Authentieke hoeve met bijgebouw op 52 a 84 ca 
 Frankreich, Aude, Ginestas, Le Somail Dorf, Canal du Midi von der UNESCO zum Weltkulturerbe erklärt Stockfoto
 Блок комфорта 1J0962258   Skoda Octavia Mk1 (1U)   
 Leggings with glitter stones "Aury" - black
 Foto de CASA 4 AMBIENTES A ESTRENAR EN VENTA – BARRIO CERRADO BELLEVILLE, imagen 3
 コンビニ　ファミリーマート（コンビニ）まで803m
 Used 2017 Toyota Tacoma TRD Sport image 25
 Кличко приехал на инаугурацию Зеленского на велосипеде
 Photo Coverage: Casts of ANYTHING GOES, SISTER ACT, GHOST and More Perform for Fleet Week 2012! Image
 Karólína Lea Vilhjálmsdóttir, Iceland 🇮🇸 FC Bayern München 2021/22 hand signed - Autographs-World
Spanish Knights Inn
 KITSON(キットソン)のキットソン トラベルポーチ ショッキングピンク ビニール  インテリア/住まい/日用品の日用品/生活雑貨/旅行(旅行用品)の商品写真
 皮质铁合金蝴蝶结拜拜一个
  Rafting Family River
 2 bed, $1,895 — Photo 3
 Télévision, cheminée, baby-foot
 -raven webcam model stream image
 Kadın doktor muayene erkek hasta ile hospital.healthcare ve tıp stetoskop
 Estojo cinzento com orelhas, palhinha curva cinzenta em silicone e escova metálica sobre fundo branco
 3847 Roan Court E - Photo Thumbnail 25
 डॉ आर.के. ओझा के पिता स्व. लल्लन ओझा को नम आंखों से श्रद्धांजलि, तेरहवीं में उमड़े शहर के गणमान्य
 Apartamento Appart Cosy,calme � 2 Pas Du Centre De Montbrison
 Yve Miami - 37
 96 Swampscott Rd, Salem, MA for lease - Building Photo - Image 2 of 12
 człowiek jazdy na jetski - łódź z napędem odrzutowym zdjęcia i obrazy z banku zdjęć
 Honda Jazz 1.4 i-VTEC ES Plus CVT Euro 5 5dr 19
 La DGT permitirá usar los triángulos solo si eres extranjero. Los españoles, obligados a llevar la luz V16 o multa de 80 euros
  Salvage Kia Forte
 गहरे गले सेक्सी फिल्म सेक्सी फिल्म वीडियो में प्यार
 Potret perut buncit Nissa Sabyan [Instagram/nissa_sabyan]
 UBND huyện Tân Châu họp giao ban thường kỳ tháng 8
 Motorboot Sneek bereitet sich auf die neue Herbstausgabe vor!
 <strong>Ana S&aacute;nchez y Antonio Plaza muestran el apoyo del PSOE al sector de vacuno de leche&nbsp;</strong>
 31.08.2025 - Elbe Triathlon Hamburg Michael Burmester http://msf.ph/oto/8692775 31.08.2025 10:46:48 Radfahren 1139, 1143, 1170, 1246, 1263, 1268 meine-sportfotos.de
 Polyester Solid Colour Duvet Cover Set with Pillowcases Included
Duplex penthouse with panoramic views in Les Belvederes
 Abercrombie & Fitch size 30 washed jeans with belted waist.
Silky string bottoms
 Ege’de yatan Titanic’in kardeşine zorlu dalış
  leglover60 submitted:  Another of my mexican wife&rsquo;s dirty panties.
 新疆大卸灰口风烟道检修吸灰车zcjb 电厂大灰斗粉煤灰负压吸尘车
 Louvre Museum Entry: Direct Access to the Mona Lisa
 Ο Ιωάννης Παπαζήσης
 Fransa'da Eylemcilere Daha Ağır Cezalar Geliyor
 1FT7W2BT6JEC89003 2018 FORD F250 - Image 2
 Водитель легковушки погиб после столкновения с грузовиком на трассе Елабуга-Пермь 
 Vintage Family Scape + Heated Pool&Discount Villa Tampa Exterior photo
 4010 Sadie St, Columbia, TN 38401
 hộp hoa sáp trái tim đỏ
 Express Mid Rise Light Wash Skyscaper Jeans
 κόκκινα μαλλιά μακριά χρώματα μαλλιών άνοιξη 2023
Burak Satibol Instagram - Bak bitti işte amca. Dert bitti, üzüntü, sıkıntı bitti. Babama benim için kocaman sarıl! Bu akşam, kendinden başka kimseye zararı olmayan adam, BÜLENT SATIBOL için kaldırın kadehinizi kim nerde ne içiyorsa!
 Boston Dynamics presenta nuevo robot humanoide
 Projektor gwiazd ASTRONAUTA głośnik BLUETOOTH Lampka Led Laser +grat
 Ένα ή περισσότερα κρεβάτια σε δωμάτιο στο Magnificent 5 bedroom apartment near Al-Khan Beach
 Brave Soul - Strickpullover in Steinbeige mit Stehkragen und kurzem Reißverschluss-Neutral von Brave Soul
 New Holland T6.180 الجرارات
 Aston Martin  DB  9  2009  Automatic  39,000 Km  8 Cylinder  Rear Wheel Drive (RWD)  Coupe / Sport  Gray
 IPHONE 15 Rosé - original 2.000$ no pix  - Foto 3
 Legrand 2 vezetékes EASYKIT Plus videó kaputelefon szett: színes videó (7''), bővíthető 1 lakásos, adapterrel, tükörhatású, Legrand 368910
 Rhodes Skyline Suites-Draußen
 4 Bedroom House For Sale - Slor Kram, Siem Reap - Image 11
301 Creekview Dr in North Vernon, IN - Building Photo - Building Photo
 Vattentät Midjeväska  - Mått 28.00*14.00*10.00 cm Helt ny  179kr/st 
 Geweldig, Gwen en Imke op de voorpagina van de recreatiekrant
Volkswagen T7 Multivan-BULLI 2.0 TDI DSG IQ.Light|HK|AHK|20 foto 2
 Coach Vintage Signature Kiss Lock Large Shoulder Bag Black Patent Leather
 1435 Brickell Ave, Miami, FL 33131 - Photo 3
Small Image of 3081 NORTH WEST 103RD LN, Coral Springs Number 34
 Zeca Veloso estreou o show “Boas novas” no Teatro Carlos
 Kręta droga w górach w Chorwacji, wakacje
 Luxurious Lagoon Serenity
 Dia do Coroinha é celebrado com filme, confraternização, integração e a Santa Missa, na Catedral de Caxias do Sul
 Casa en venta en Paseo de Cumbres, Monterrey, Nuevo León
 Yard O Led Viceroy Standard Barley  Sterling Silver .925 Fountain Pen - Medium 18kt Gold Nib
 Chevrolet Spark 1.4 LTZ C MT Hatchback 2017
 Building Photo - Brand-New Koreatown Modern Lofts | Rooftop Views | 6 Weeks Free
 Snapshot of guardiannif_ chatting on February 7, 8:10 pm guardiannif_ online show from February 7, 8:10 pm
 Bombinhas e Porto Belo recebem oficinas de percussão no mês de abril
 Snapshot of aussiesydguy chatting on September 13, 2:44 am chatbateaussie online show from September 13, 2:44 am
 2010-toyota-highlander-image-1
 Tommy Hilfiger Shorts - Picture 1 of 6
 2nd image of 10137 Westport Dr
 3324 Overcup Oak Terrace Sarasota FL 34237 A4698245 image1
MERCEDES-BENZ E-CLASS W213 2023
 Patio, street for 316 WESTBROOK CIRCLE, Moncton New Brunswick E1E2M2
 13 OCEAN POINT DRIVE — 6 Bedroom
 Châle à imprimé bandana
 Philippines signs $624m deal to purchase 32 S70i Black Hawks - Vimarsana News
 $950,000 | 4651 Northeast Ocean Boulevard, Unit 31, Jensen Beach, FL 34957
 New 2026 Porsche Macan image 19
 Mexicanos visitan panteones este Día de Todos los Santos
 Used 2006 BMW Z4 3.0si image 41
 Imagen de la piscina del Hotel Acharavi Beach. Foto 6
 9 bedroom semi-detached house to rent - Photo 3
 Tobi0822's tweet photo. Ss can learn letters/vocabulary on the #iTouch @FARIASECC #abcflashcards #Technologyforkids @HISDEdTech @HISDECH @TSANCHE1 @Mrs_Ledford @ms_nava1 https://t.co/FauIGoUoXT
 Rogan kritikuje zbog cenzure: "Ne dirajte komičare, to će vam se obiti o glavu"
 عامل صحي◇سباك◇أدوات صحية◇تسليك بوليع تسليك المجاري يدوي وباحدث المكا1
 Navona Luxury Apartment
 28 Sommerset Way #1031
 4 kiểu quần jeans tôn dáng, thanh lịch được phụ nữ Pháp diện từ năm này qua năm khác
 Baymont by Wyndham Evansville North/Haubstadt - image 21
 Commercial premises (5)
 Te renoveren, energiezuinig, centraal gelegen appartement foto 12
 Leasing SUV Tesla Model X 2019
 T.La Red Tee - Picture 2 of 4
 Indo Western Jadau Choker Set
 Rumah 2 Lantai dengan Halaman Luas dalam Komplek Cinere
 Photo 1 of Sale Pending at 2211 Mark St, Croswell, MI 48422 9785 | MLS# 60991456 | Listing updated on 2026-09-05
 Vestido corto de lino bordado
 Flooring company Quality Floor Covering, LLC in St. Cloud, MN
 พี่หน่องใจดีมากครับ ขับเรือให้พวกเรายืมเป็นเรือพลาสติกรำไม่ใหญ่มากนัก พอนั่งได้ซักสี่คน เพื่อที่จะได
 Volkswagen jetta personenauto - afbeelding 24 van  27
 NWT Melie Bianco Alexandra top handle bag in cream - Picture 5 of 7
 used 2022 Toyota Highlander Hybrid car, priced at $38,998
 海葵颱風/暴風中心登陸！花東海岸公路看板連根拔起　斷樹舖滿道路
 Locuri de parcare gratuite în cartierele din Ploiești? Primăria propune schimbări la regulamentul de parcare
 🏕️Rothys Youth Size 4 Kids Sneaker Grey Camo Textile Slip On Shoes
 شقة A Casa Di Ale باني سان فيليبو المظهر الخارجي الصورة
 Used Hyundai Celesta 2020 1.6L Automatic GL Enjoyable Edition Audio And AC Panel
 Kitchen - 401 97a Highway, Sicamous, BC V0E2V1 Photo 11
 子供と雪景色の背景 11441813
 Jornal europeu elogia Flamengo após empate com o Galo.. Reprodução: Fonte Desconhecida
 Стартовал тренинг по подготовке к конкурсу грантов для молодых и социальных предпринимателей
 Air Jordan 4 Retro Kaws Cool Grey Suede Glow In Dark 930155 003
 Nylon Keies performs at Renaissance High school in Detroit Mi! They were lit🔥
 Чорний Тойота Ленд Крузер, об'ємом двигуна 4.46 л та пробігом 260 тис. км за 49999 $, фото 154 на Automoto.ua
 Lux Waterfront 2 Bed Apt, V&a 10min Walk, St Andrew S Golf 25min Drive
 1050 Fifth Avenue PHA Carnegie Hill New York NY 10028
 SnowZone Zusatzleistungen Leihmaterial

WHAT YOU WILL DO: Throughout the records above, find the lines in which the word "Vintage" appears and return them.

THE ANSWER:
 Vintage Family Scape + Heated Pool&Discount Villa Tampa Exterior photo
 Coach Vintage Signature Kiss Lock Large Shoulder Bag Black Patent Leather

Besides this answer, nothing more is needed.